Ida wanted to tell him she didn’t think it, she knew it, but by then he’d grabbed his suitcase and was halfway down the hall.

~

The first three weeks of Sam Caldwell’s search uncovered very little other than the fact that James spent a considerable amount of time moving from place to place and apparently got tangled up with a singer named Joelle Williams in Nashville. But following such a haphazard trail of breadcrumbs involved a considerable amount of traveling from state to state and subsequently a larger-than-anticipated amount of expenses. In addition to the three-hundred-dollar fee for that week, Ida had to pay one hundred and seventy-three dollars in expenses.

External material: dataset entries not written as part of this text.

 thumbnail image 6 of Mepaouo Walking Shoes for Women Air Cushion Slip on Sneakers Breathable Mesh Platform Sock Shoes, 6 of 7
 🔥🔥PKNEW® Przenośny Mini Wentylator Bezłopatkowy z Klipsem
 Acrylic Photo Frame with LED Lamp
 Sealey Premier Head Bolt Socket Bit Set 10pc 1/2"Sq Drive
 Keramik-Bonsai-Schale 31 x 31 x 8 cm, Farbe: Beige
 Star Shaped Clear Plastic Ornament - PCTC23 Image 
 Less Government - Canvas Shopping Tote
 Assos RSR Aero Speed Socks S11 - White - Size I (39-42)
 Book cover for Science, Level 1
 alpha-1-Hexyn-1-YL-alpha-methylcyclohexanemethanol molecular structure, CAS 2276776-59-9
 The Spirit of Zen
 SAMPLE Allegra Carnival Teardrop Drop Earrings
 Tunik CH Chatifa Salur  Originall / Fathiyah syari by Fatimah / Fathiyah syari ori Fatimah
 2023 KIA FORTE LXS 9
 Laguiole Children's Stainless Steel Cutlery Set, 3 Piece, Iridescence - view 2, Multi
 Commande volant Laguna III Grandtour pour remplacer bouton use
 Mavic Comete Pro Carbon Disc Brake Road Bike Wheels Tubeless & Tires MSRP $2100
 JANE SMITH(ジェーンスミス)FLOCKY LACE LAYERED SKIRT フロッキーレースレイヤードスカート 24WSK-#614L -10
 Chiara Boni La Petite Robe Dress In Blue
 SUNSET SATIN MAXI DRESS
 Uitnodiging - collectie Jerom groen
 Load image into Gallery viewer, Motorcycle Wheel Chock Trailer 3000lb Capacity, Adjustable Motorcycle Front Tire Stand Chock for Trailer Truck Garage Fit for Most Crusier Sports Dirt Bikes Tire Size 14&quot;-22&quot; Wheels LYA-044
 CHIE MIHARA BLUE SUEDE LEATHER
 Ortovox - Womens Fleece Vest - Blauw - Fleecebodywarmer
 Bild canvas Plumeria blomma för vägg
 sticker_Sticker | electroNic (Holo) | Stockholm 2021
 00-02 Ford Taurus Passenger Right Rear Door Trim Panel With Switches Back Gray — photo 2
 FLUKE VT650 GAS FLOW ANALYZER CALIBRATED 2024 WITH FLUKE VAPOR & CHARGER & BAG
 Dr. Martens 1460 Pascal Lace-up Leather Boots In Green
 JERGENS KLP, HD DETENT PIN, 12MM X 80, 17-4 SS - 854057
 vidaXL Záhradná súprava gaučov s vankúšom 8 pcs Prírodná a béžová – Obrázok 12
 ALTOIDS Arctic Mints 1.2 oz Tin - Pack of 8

On top of that, not one person had called for babysitting services.

~

At the end of his first week Max handed Ida twenty-five dollars, and that’s when she got the idea. If she could rent a room to Max, why not rent out two or three of the other rooms? That afternoon she typed up a new sign and took it down to the Piggly Wiggly.

Ida removed the babysitting services sign and posted her new one.

“Room for Rent” it read and stated that the price was $30 a week with meals included.

Before nightfall she had received two calls.





Ida Sweetwater





I suppose you can tell I don’t have much use for Max, and given his history such a feeling is justifiable. Max and Jim had different daddies, and you knew it just by looking at them. Jim’s daddy was a carpenter, a man who got up every morning, went to work, and provided for his family, but the Lord called him home when Jim was only five years old.